Bhutan’s mountainous terrain, fragile ecosystems, dispersed settlements, and climate-dependent economy make the country highly vulnerable to both extreme weather events and slow-onset climate processes.
The report documents intensifying threats from glacial lake outburst floods, flash floods, landslides, windstorms and forest fires, alongside gradual shifts including glacier retreat, changing rainfall patterns, ecosystem degradation, and rising temperatures. These hazards are already affecting food and water security, hydropower systems, infrastructure, biodiversity and human well-being.
While large disasters often capture public attention, the study finds that repeated small-scale events, such as localised floods, landslides, and erratic rainfall, inflict cumulative damage that is frequently overlooked. Because many households absorb these shocks without formal reporting, the report suggests that official estimates likely understate the true scale of climate-related losses.
Beyond economic cost, the assessment also highlights non-economic impacts that are difficult to quantify but carry long-term consequences. These include mental health effects, disruptions to education, the erosion of cultural and spiritual heritage, biodiversity loss and weakening social cohesion. Such impacts, the report notes, are poorly captured in existing data systems despite their significance for Bhutan’s development philosophy centred on Gross National Happiness.
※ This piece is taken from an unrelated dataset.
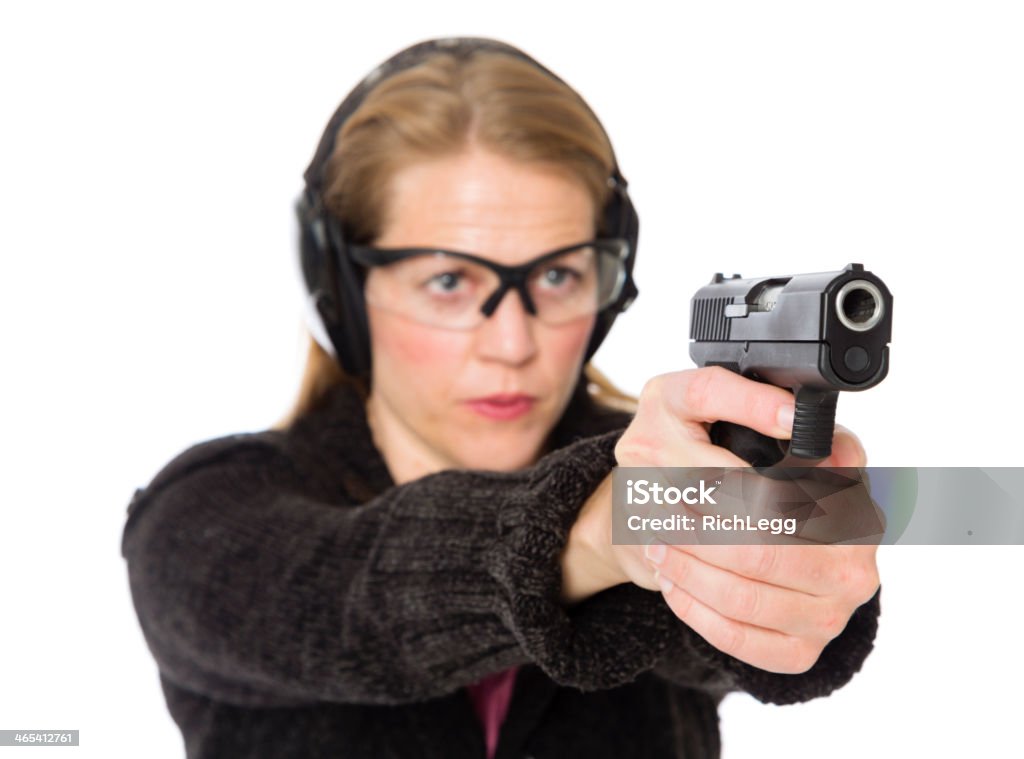 Mujer señalando la mano sobre fondo blanco - Foto de stock de 30-34 años libre de derechos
The study identifies six national loss and damage signatures: food and water insecurity driven by climate variability; health and wellbeing impacts; damage to infrastructure and property; degradation of terrestrial and freshwater ecosystems; energy insecurity linked to changing hydrology and glacier melt; and harm to cultural heritage. These effects often cascade across sectors, amplifying overall risk.
The assessment was developed through a participatory, country-led process involving national stakeholder workshops and consultations across all dzongkhags. This process resulted in Bhutan’s own definition of loss and damage, the identification of national loss and damage signatures, and the establishment of a National Loss and Damage Task Force.
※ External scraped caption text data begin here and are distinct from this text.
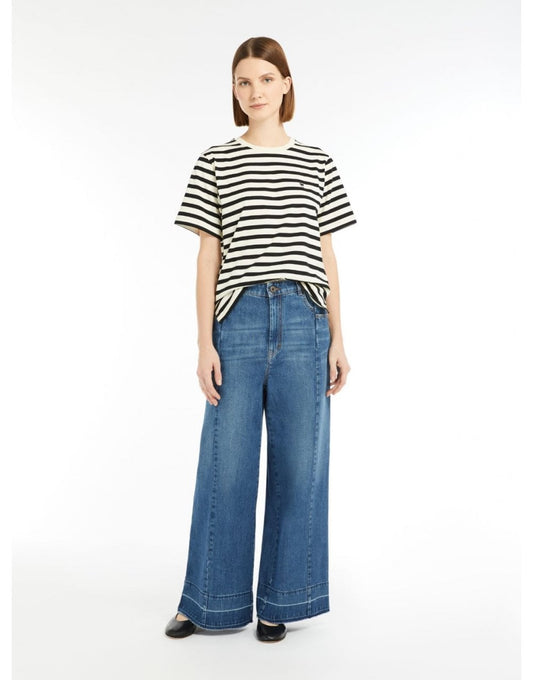 Young Ideas/Henmores - Satrapo Striped Crew Neck T-Shirt - 011 Navy Stripes - XS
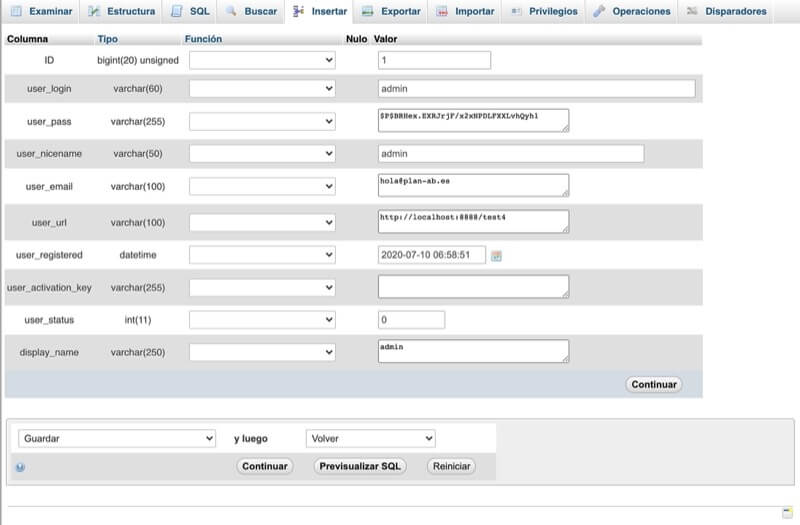 recuperar contraseña de wordpress desde cpanel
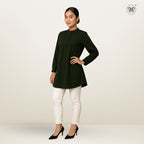 Tunic Blouse with Hidden Button Placket
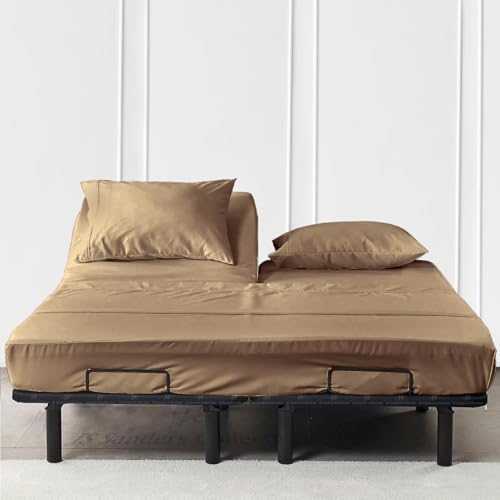 JS Sanders Collection 600TC Flex Top Queen Sheets for Sleep Number Bed - 100% Cotton 4 Pcs Top Split Queen Sheets for Adjustable Bed Queen 30 Inch Down Taupe -18 Inch Deep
Globally, loss and damage has become a central pillar of climate policy alongside mitigation and adaptation. It is recognised under Article 8 of the Paris Agreement, following the establishment of the Warsaw International Mechanism in 2013, the Santiago Network in 2019 and the launch of Fund for Responding to Loss and Damage at COP28 in 2023.
As of June 2025, that fund had attracted pledges of about 788.8 million dollars, a fraction of projected global needs, which researchers estimate could reach USD 1-1.7 trillion annually by 2050.
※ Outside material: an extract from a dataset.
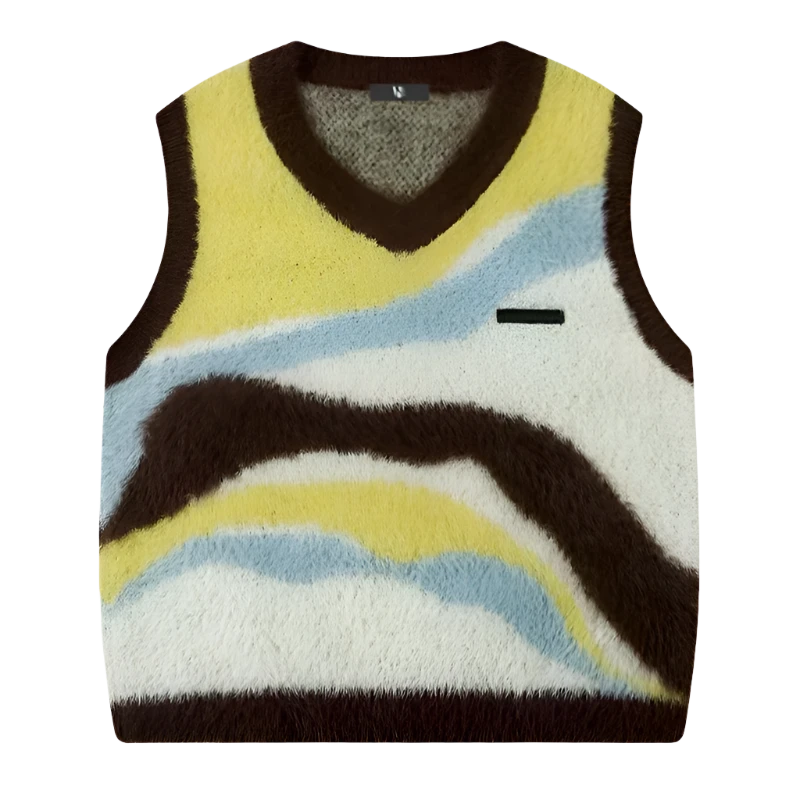 Jungle Colorblock Sleeveless Autumn Vest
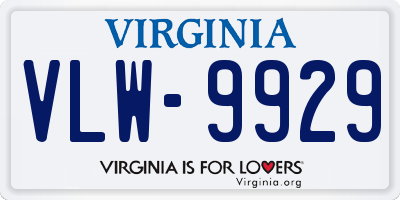 VA license plate VLW9929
For Bhutan, which graduated from Least Developed Country status in 2023, the assessment comes at a critical time. Graduation reduces access to concessional finance even as climate risks intensify. With agriculture employing nearly 60 percent of the population and hydropower contributing about 13 percent of GDP and a significant share of government revenue, climate-induced losses pose serious risks to national development goals.
The report acknowledges limitations in the analysis, including fragmented data, underreporting of small-scale events and the absence of national attribution studies linking specific disasters directly to climate change. As a result, the reported figures probably underestimate the full extent of losses.
To address these gaps, the study recommends establishing a national loss and damage framework supported by a centralised data repository. It proposes building on existing systems such as the Risk and Resilience Portal, Climate Change Monitoring, Reporting and Verification system, Climate Services Toolkit, and Gross National Happiness surveys to improve tracking and reporting.
Despite Bhutan’s commitment to carbon neutrality and environmental conservation, the report concludes that the country is already experiencing unavoidable climate losses that cannot be addressed through mitigation and adaptation alone. It calls for stronger domestic coordination and sustained international financial and technical support to safeguard communities, ecosystems, and economic progress, while positioning Bhutan to engage more effectively in emerging global climate mechanisms.